Xwift : la pénurie de chauffeurs freine la croissance

Xwift à Nazareth clôture 2019 avec une augmentation du chiffre d’affaires de 12 % par rapport à 2018. Pourtant, son propriétaire et CEO Pieter Denys n’est pas vraiment satisfait. Cette année, la croissance a été moins forte. En cause : la pénurie de chauffeurs. C’est pourquoi il investit dans une nouvelle approche RH qui fait sensation.

Xwift a débuté comme une société unipersonnelle en 2007 dans un secteur de niche : le transport rapide et dédié. A peine 12 ans plus tard, la société compte 185 collaborateurs et réalise un chiffre d’affaires d’un peu plus de 18 millions €. Le transport s’effectue toujours pour un seul client et presque toujours de A vers B, sans fret de retour. Parfois, il s’agit de tournées, mais toujours pour un seul client. Le service s’est étendu au transport frigorifique, l’ADR et les livraisons avec chariot embarqué. Dans ce secteur, les marges sont sensiblement plus élevées que dans la distribution conventionnelle, mais les exigences de qualité aussi. « Ceci complique notre recherche de chauffeurs », déclare Pieter Denys qui nous reçoit dans son siège flambant neuf à Nazareth.

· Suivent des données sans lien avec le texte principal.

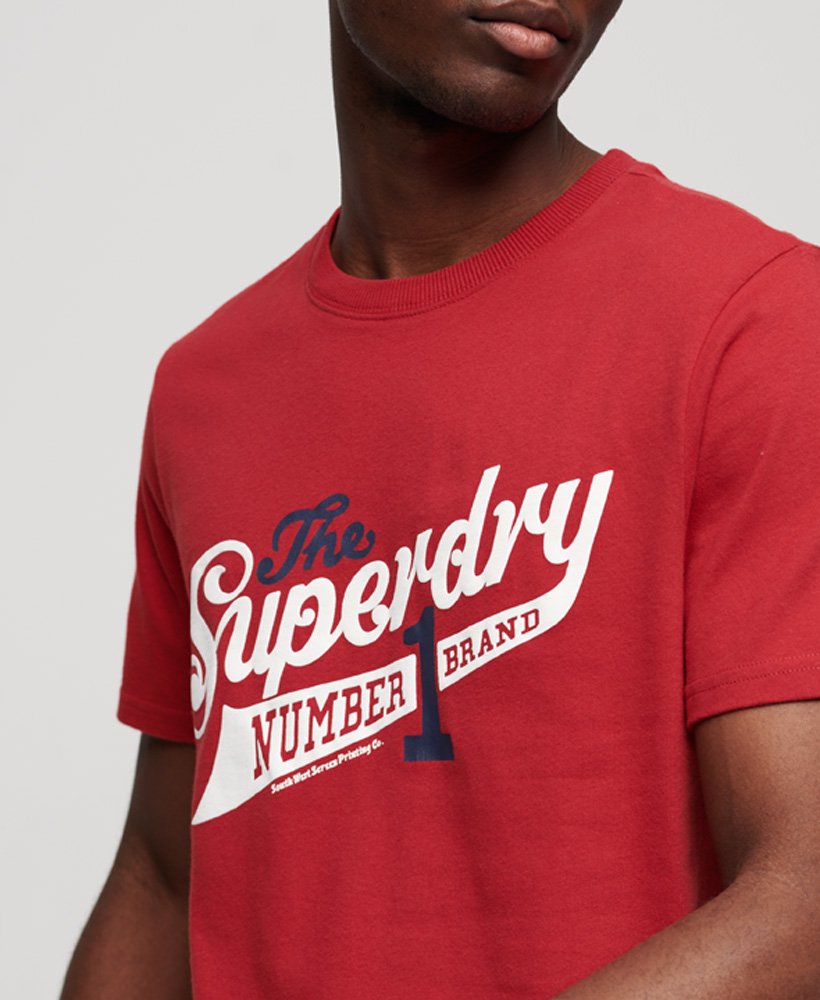 camiseta universitária vintage com estampa em vermelho pimenta.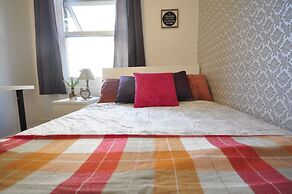 Old Nichol Guest Apartment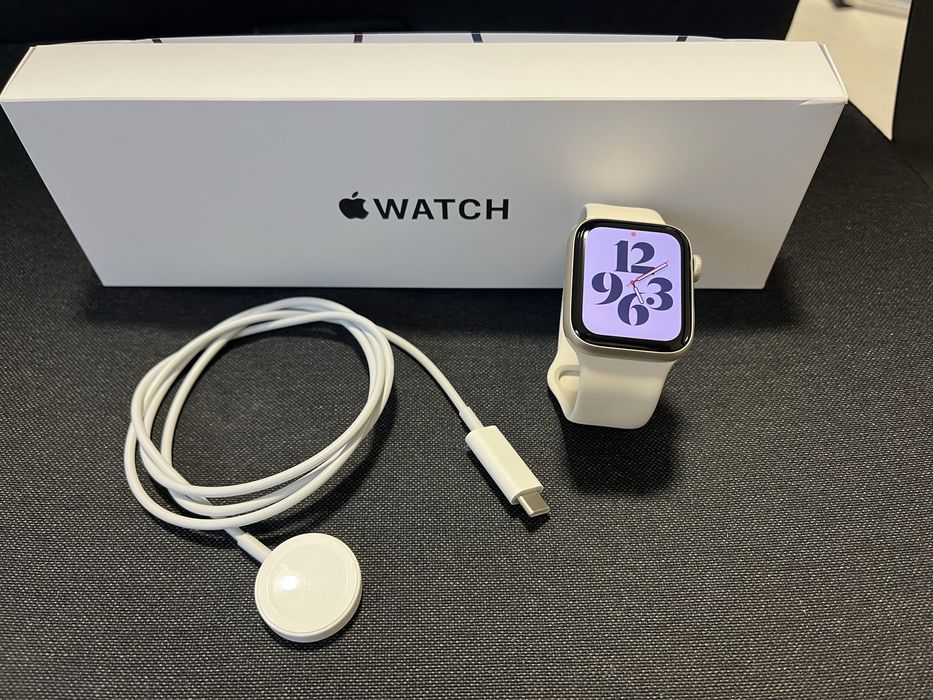 Apple Watch SE 2024 (40 mm, GPS + Cellular)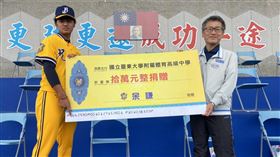 余謙與陳明志校長捐贈合影。（圖／蜂巢行銷提供）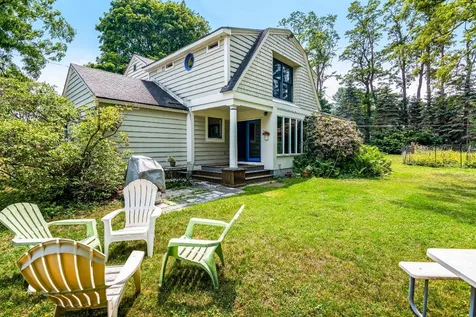 37 Colonial Square Burlington VT 05401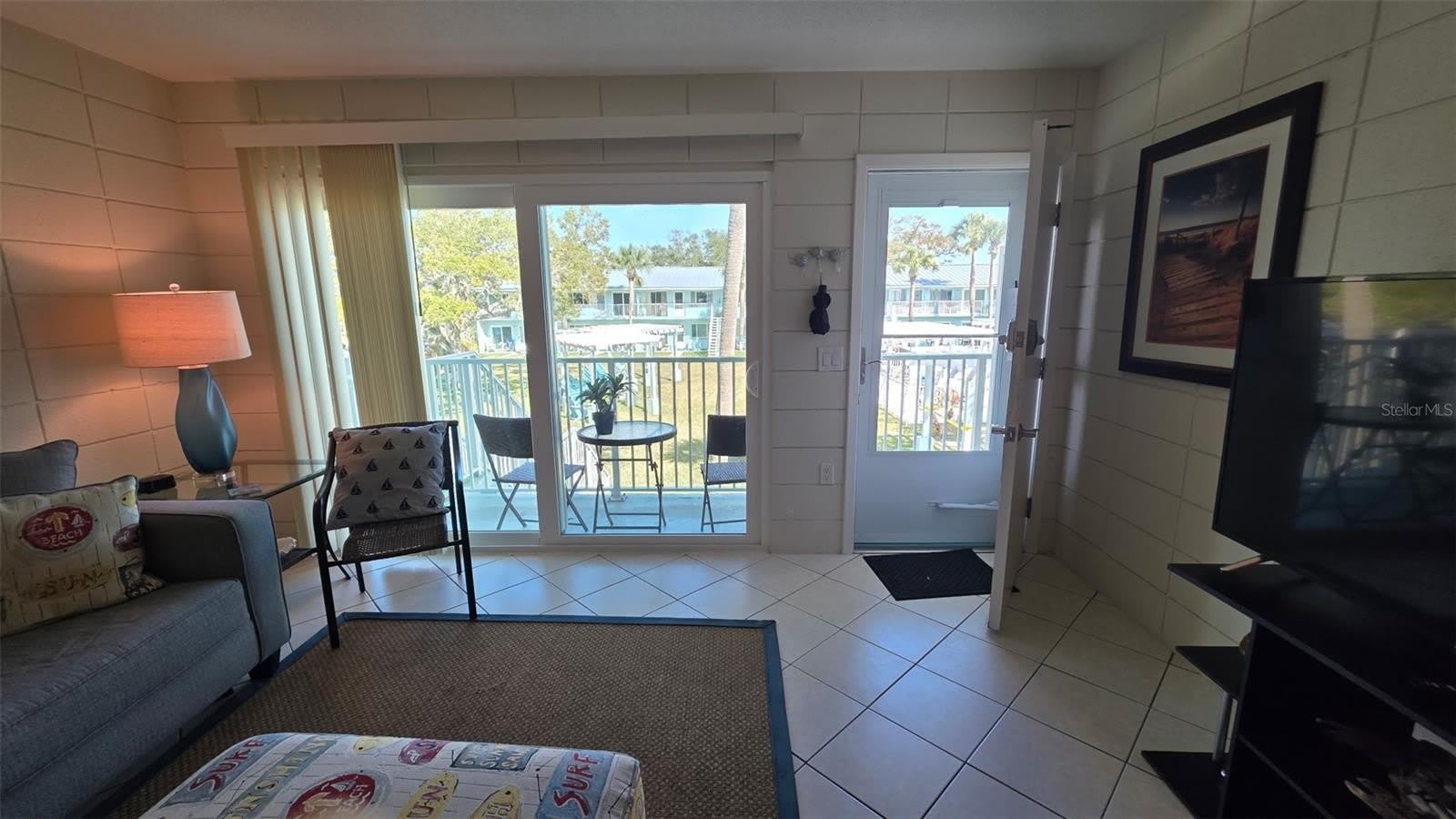 541 S Peninsula Avenue – photo 2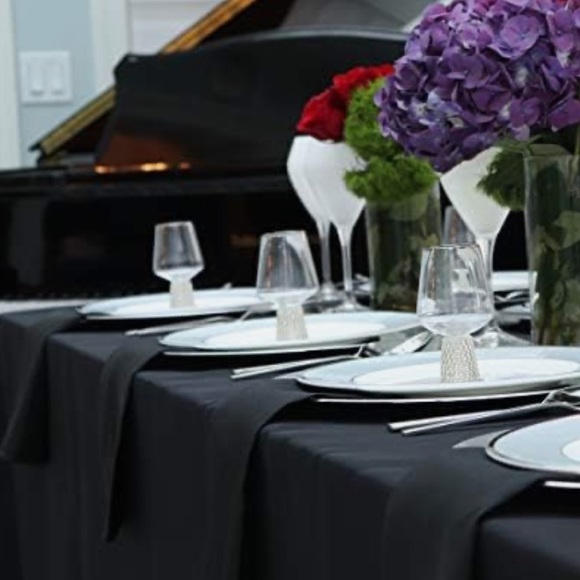 NWT 90x156” Rectangle Tablecloth. Black - Picture 3 of 6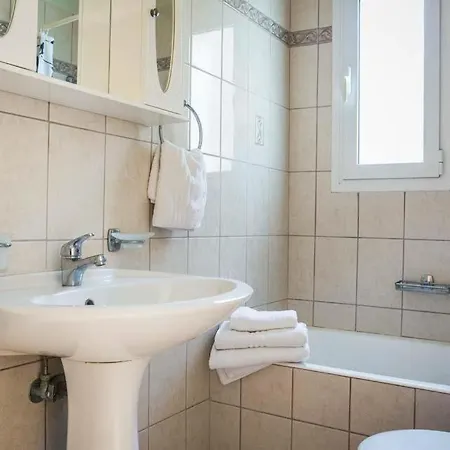 Villa Sleeps 6 Pool Air Con Wifi Karavádhos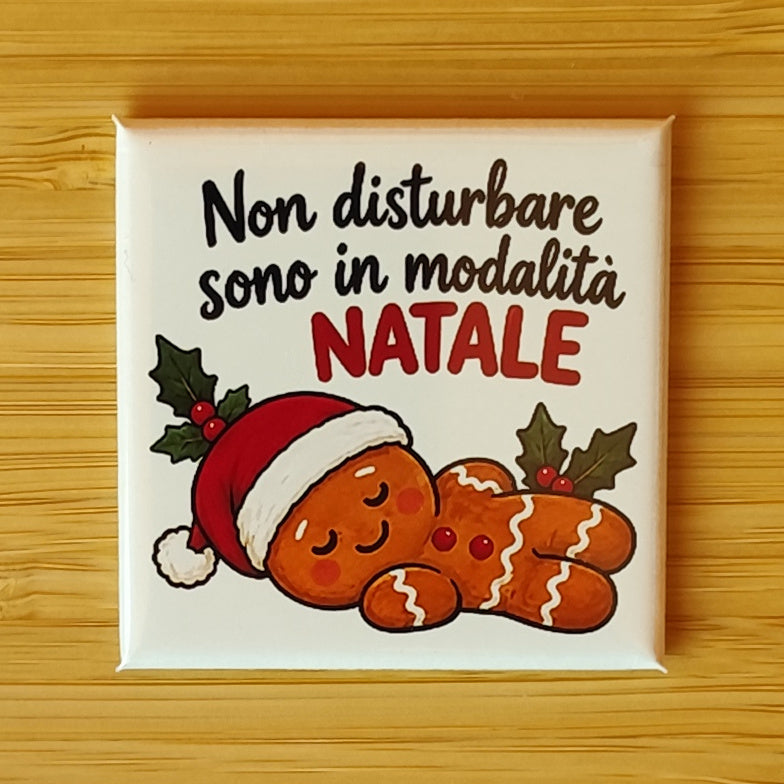 Calamita Non disturbare sono in modalità Natale — Natale, Fahrcara — vista frontale della calamita.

Toujours prêt pour un client

Truck & Business : Qu’est-ce qui rend votre secteur plus compliqué ?

Xwift travaille de manière décentralisée.

Pieter Denys : Nous sommes constamment prêts et mobilisons nos véhicules pour un seul client. Il s’agit toujours de nos véhicules propres : nous ne sous-traitons rien. Pour chaque mission, nous essayons d’aller chercher le fret chez le client dans l’heure. Nos 150 chauffeurs sont dès lors répartis sur tout le pays ; le fonctionnement est très décentralisé pour réduire la distance entre le chauffeur et le client. Le chauffeur part de chez lui et est payé dès la première minute.

T&B : Quel a été le rythme de croissance ces dernières années ?

Pieter Denys : En 2013, nous réalisions un chiffre d’affaires de 5 millions € avec 55 collaborateurs. En 2018, il avait grimpé à 16 millions avec 175 collaborateurs. Et cette année, il n’est ‘que’ de 18,2 millions avec 185 collaborateurs, dont 150 chauffeurs. Cette croissance de 12 % est un beau résultat, mais on aurait pu atteindre 20 ou 21 millions si nous n’avions pas été sérieusement freinés par la pénurie de chauffeurs.

Avril, mai et juin sont des mois très importants dans notre secteur. Refuser des missions pendant ces mois-là par manque de chauffeurs, c’est dramatique. Notre équipe commerciale compte 7 personnes, mais nous avons dû les freiner dans leurs efforts pour conquérir de nouveaux clients. Et certains clients se sont retirés car nous ne pouvions pas les servir avec suffisamment de régularité. Cela pèse sur la croissance d’une entreprise.

T&B : Quelle est l’importance de la pénurie de chauffeurs chez Xwift ?

Pieter Denys : Malgré des conditions de travail attractives, il nous manquait au moins 25 chauffeurs jusqu’il y a peu. Si nous progressions au même rythme que les années passées, il nous faudrait même 40 nouveaux chauffeurs. L’an passé, nous avons engagé 111 chauffeurs, mais il y en a autant qui sont partis ou ont été licenciés.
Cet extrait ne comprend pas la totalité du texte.